On April 14, 1912, the "unsinkable" RMS Titanic hit an iceberg, split in two and plunged to the bottom of the Atlantic. While this may be the most famous and deadliest shipwreck in history, an estimated 3 million more lie in ruins on the ocean floor. Some of these vessels met tragic endings. Others were retired from service and sunk with good intentions or abandoned on beaches and left to rot. Though it's been long since they've traveled the seas, these 20 shipwrecks are among the most haunting in the world.
The Corpach Wreck was originally known as the MV Dayspring. The fishing boat was built in 1775 and decommissioned circa 2000, when it was anchored near Fort William, Scotland.

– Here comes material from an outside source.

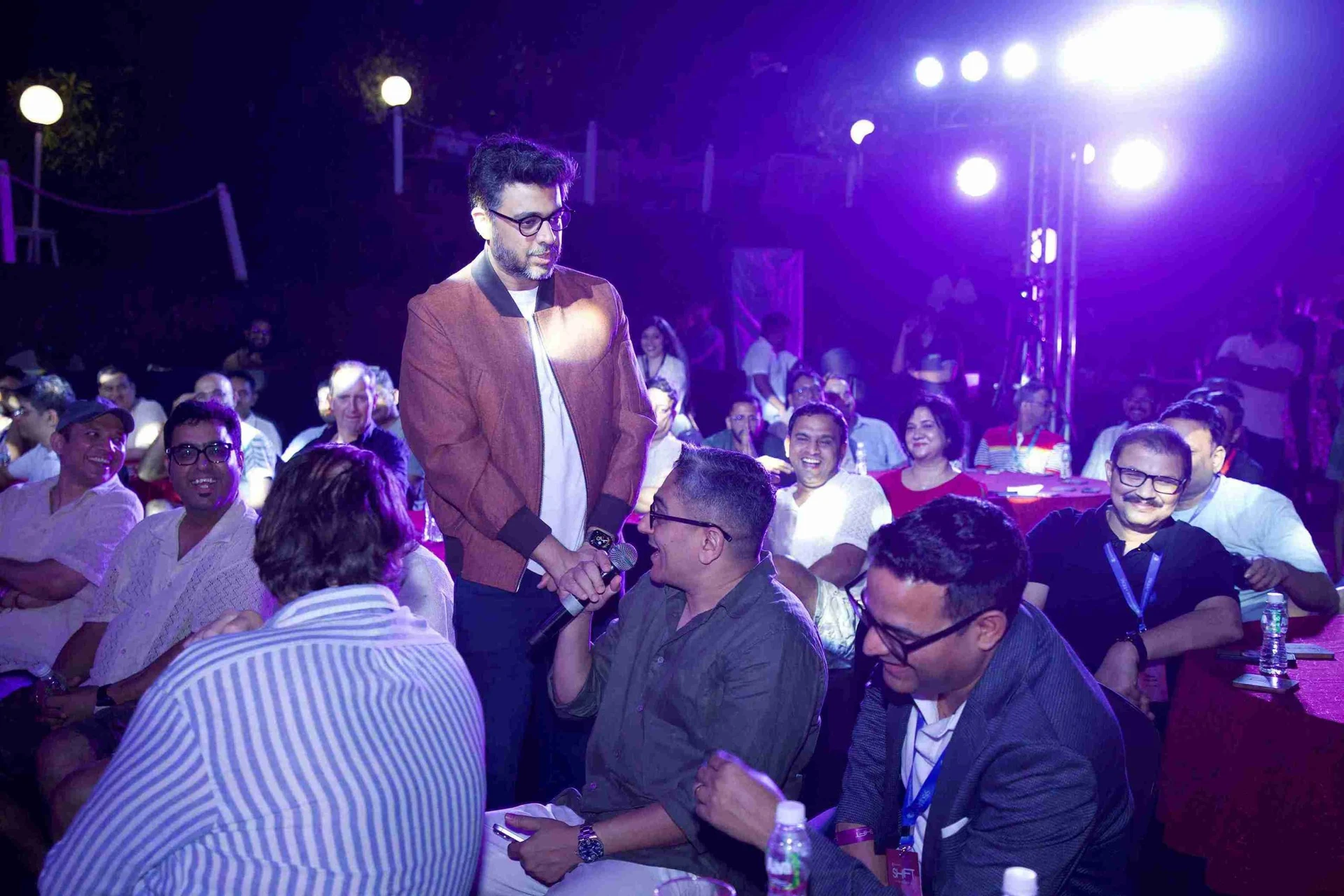 Rohan Joshi performing at a corporate event in Goa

Eleven years later, a violent storm ripped it from its mooring. The vessel drifted 4 miles up the Caledonian Canal to the village of Corpach, where it rests on Loch Linnhe beach today.
As the story goes, the Dimitrios (built in Denmark in 1950) was once used to smuggle cigarettes between Turkey and Italy. In 1980, the cargo ship made an emergency docking in Gythio, Greece, because the captain was seriously ill. Due to issues with the crew's finances and the boat's engine, Dimitrios was seized by port authorities and eventually set free. The sea carried the now-famous freighter to its permanent home ashore on picturesque Valtaki Beach.

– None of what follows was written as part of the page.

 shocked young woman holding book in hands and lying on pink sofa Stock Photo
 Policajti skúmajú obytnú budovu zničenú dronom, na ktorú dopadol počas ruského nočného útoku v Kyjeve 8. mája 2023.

The Eduard Bohlen was a German-built cargo ship. In 1909, after 18 years of service, it sailed into a thick fog and wrecked at Conception Bay on the coast of Namibia. It currently exists among the sands of the hellish Skeleton Coast with more than a thousand other ill-fated vessels.
Garðar BA 64
This large ship was built in Norway in 1912 (the same year the Titanic sank) and used for whaling in Icelandic waters. In 1981, Garðar BA 64 was deemed unsafe for service and left to rust on a beach in Skápadalur Valley.

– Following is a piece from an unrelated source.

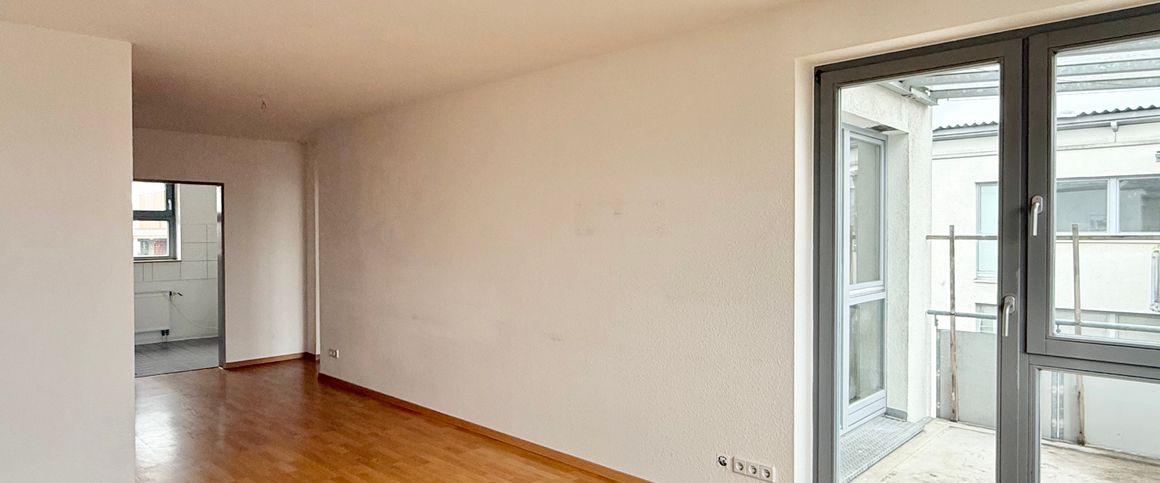 Helle 3-Zimmer-Wohnung mit guter Aufteilung & Balkon - Foto 1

The Shoyo Maru was built in 1969 in Imabari, Japan. It was later renamed Markus, and then Giannis D. The ship's final excursion began in Rijiek, Yugoslavia, in 1983. Giannis D was transporting lumber via the Suez Canal to Jeddah, Saudi Arabia, and Hodeidah, Yemen. The crew abandoned ship early morning on April 19 after the vessel veered off course and struck the northwest edge of the Abu Nuhas. It remained above the reef for several weeks before a storm broke it in two and sank it to the bottom of the Red Sea.
In the summer of 1984, the Hilma Hooker was docked in Kralendijk, Bonaire, in the Caribbean due to engine problems. Local authorities found 25,000 pounds of marijuana smuggled on board, so they detained the entire crew and boat for evidence. Hilma Hooker remained tied to the pier for months before it was anchored out at sea. Due to neglect, it took on tons of water and inevitably capsized.
The Mediterranean Sky (previously City of York) was built in England in 1952. It maintained service as a cruise liner for 44 years until its last voyage from Brindisi, Italy, to Patras, Greece. A deserted Mediterranean Sky took on water in Eleusis Bay for three years before it was towed to a shallow area. In 2003, it fell on its side and sank. Only half of the wreck is submerged.
The MV Panagiotis is one of the world's most famous shipwrecks. Rumor has it that in 1980, the freighter was carrying contraband cigarettes from Turkey when a storm forced it aground white sands off the coast of Zakynthos, Greece. The crew was being pursued by the navy for smuggling, so they abandoned ship. The cove, called Navagio (Greek for "shipwreck") is now a popular tourist attraction and one of the most beautiful coastlines in the world.
MV Salem Express
The MV Salem Express was a roll-on, roll-off passenger ferry that operated between Safaga, Egypt, and Jeddah, Saudi Arabia, until 1991 when it collided with the Hyndman Reefs, right off the coast of Egypt. Water rushed onboard through the damaged bow and the boat sank in minutes. It's estimated that 470 people died and 180 survived.
In the Pesuta's early years, it operated as a steam ship. In the early 1900s, it was converted to a log barge and in 1928 it sailed into a winter storm in the Hecate Strait, where it consequently ran aground the shores of British Columbia, Canada. Most of the vessel has eroded over time, but the bow remains intact.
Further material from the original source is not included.